I have no idea why there's a giant space right there. 
That's what the paragraph on "Strategic" said for me.  It doesn't really say anything about problem-solving.  Maybe that's its own category.  I haven't really thought of myself too much in this way, as being able to think of things before other people do, but I guess it's true.  Sometimes I know where a teacher is going before they get there, and before the rest of class gets there.
I highlighted the parts of myself that I recognized in there
Chances are good that you fondly recall the attention or care given to you by an educator or coach.
The individual probably encouraged you as a youth. Consequently, you have an easy time
establishing a rapport with others. Your personable style and optimistic attitude attract people. It’s
very likely that you might educate yourself about the basic facts surrounding certain types of issues or
situations. To reduce the possibility of conflict, you may consider everyone’s point of view. Perhaps
you help some individuals see where they are in agreement with others. Now and then, you can move
specific individuals toward consensus — that is, a judgment arrived at by most of those concerned.
Instinctively, you might have adopted a practical outlook on life during childhood. Perhaps you figured
out how to avoid “rocking the boat” — that is, how not to cause trouble or disrupt an otherwise stable
situation. Maybe this was true in your relationships with not only children but also adults. Today, you
may have a knack for treating everyone the same. You sometimes want everyone around you to
behave in a predictable, calm, and cordial manner. By nature, you might search for facts when coping
with uncertain situations. By taking a problem apart piece by piece, you occasionally discover its
glitches — that is, its minor problems that cause temporary setbacks. Once in a while, your objective
investigation benefits individuals, particularly those who become emotional when confronted with
difficulties. Perhaps your insights into what is factual enable them to view things a bit more matter-offactly.

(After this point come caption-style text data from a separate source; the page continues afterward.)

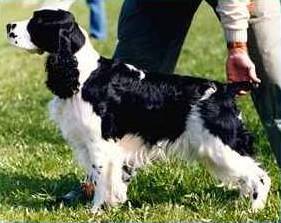 Adamant's Genghis Khan | English Springer Spaniel 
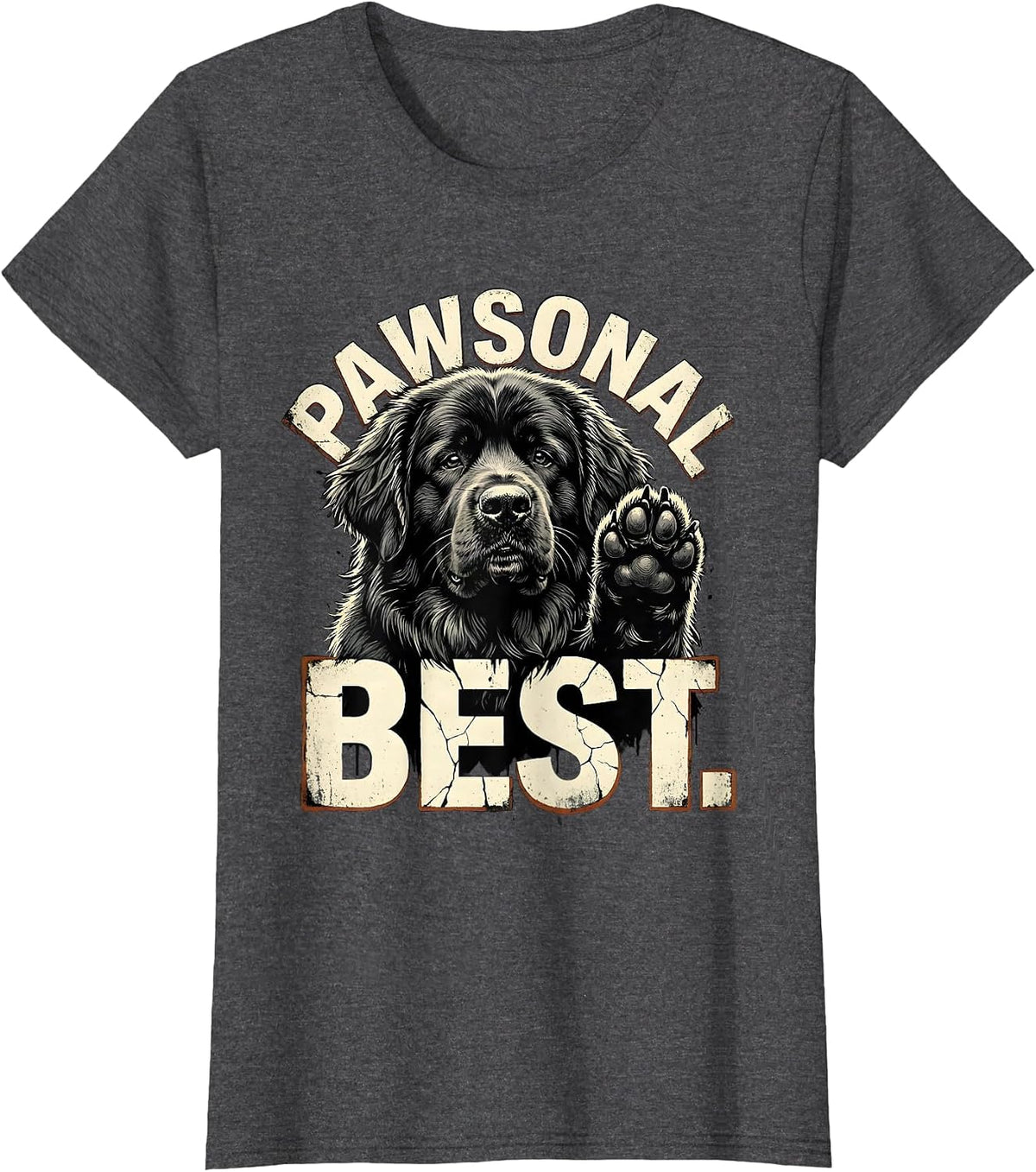 Women's Pawsonal Best Distressed Funny Dog Owner Internet Meme Humor T-Shirt - Dark Heather Grey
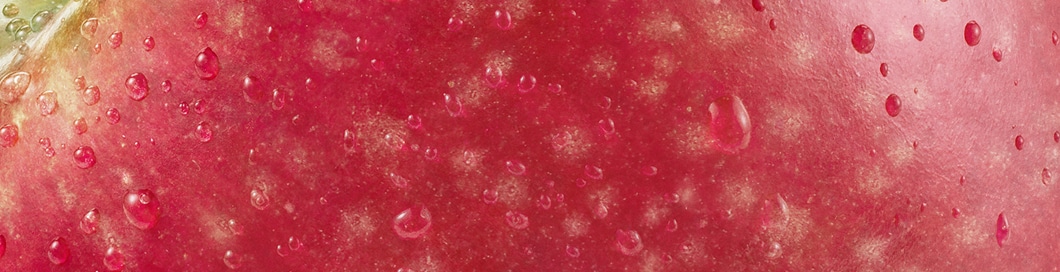 Zoom Pink&nbsp;Lady®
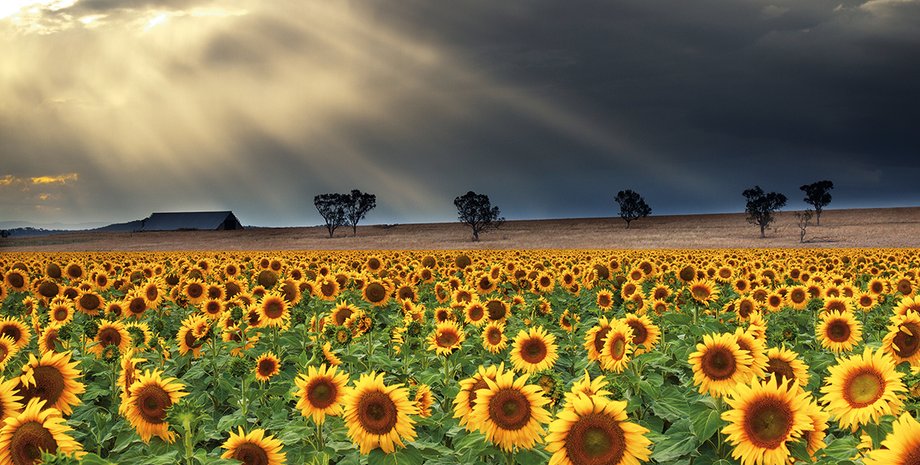 Фото: Getty Images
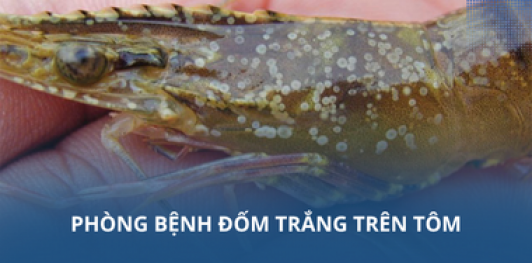 Phòng bệnh đốm trắng trên tôm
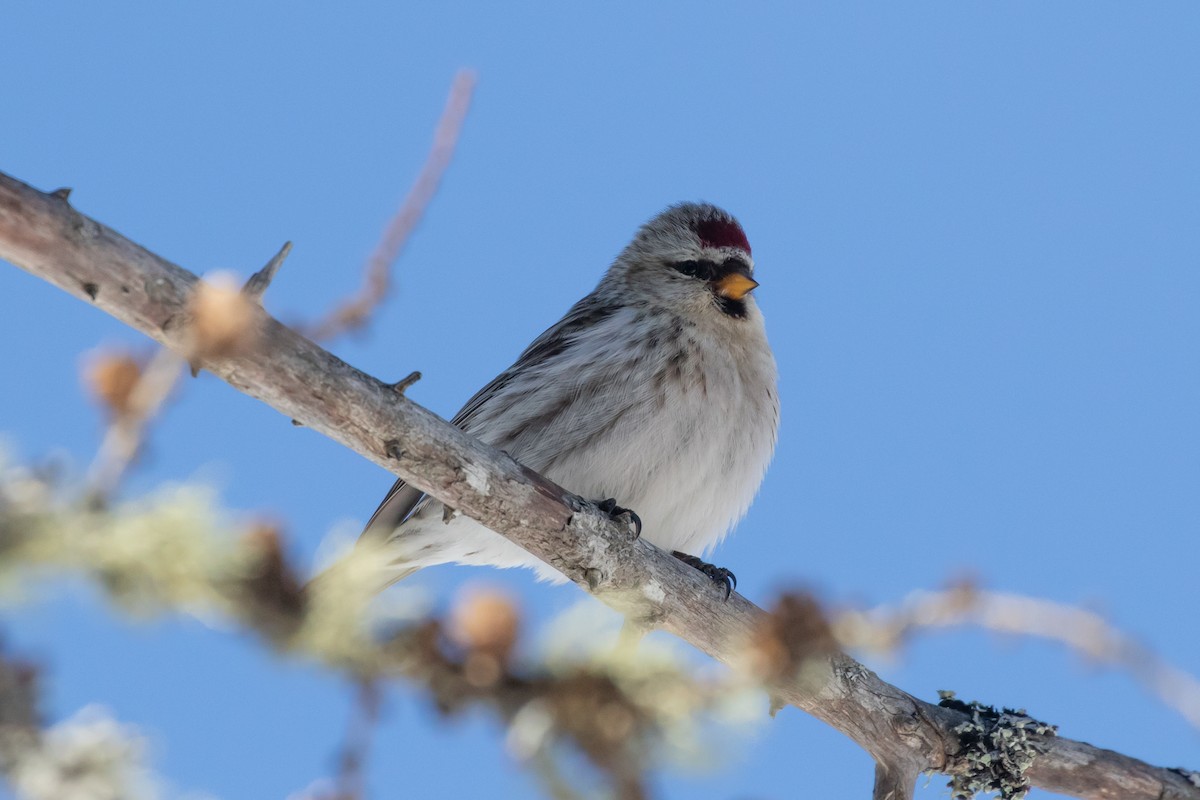 Common Redpoll - ML312467161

Maybe this is one way you help some people agree on how to deal with unpleasant
circumstances or overcome obstacles. Because of your strengths, you might not want any one thing
to consume every minute of your day. For practical purposes, you may choose to handle some
personal or professional problems matter-of-factly or deal with information unemotionally. Perhaps
you minimize conflict between people by not taking sides. Instead, you try to make certain individuals
aware of things as they actually are. Maybe you emphasize what they have in common.
 
This sounds a lot more like me, to me.  This seems to be more like a personality trait than the "Strategic" did.  I guess it's a side of myself that I am more familiar or acquainted with.  I like the results of this.  It makes me sound smart, and nice.  Which I suppose I am, but it's always better to hear compliments from someone other than yourself.
I guess, by pointing out the good things about me, my self esteem has gone up a bit. 
Now I'm going to go and kill it by grabbing a cookie.